Write out again, exactly, the lines below starting at the one with "Bulbophyllum lobbii" and ending at the one with "экстази Арсеньев".

RECORDS SUPPLIED>
....
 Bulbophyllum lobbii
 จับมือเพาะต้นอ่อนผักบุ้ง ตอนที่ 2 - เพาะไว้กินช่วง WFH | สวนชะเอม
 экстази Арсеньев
....
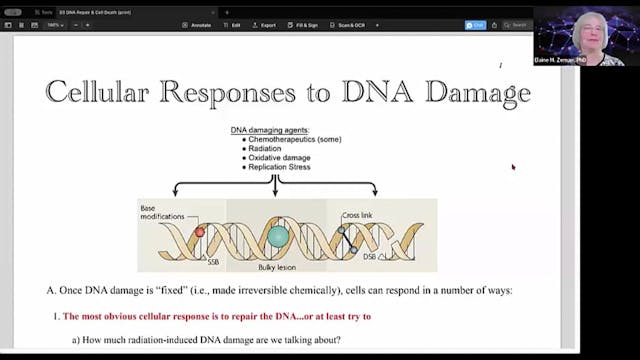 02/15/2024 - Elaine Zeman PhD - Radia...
....
EXERCISE SOLUTION>
 Bulbophyllum lobbii
 จับมือเพาะต้นอ่อนผักบุ้ง ตอนที่ 2 - เพาะไว้กินช่วง WFH | สวนชะเอม
 экстази Арсеньев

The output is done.